Hochamt an der Hofheimer Bergkapelle am Sonntag, 4. Juli, 9.30 Uhr:

Der Limburger Bischof Franz-Peter Tebartz-van Elst wird in diesem Jahr den festlichen Gottesdienst an der Hofheimer Kapelle mit den Pilgern der „Gelobten Wallfahrt“ feiern. Das Hochamt beginnt am Sonntag, 4. Juli 2010, um 9.30 Uhr an der Hofheimer Bergkapelle.

Die Wallfahrt zur Bergkapelle startet an diesem Tag um 7.00 Uhr an der Pfarrkirche St. Martinus in Hattersheim 1. Eine erste Station befindet sich am Hattersheimer Schwimmbad. An der nächsten Station in der Krifteler Kirche schließen sich Pilger aus dieser Vortaunus-Gemeinde an. Weiter geht es nach Hofheim mit einer Station am Kriegerdenkmal. Über das Exerzitienhaus führt der Weg dann hinauf zur Bergkapelle. Für die Rückfahrt nach dem Gottesdienst steht dann ein Bus am Exerzitienhaus bereit.
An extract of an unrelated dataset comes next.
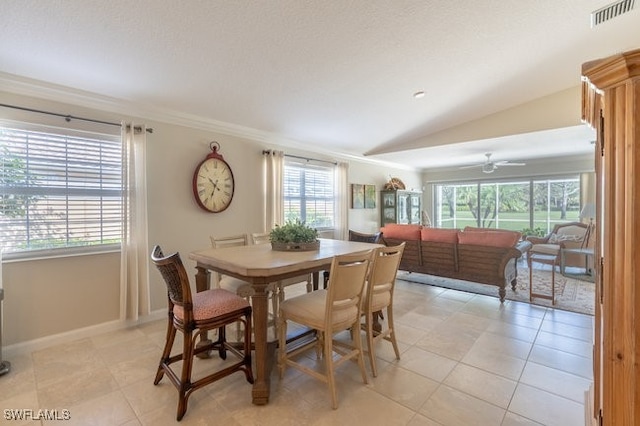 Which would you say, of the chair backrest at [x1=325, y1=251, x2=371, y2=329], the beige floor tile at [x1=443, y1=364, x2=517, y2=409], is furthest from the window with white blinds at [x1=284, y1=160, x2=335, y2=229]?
the beige floor tile at [x1=443, y1=364, x2=517, y2=409]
Die „Gelobte Wallfahrt“ ist eine alte Hattersheimer Tradition. Mit der Bitte um Verschonung von der Pest, die damals im Maingebiet wütete, hatte der Hofheimer Pfarrer Johannes Gleidner mit einer Prozession am 3. Juni 1666 die Erbauung der Bergkapelle eingeleitet. Die erste Kapelle entstand im Folgejahr. Seit 1669 machen Christen aus Hattersheim, Kriftel, Hofheim, Kelkheim und Frankfurt-Zeilsheim nahe am 2. Juli, dem Fest Mariä Heimsuchung, einen feierlichen Bittgang zur Kapelle. Die Kapelle wurde 1772/73 neu gebaut und vergrößert, 1851 bis 1857 erneuert.

Als die nassauische Regierung Prozessionen über Gemeindegrenzen hinaus im ganzen Lande verbot, wandten sich 1817 die Gemeinden Hattersheim, Kriftel und Hofheim an die Regierung in Wiesbaden mit der Bitte, ihnen den jährlichen angelobten Bittgang zur Hofheimer Kapelle zu gestatten. Sie sei vor 150 Jahren von diesen drei Gemeinden erbaut worden, und sie seien damals und seitdem von der Pest verschont geblieben. Der Tag sei in der allgemeinen Volksmeinung geheiligt. Doch die Wiesbadener hatten zunächst kein Einsehen. Erst später lebte der Brauch wieder auf. Zu Beginn des 20. Jahrhunderts stifteten die mit der Kapelle verbundenen Gemeinden die heute vorhandenen bunten Glasfenster. Die Hattersheimer sorgten für ein Fenster, das den heiligen Martin darstellt - den Schutzpatron von Hattersheim 1 und Eddersheim.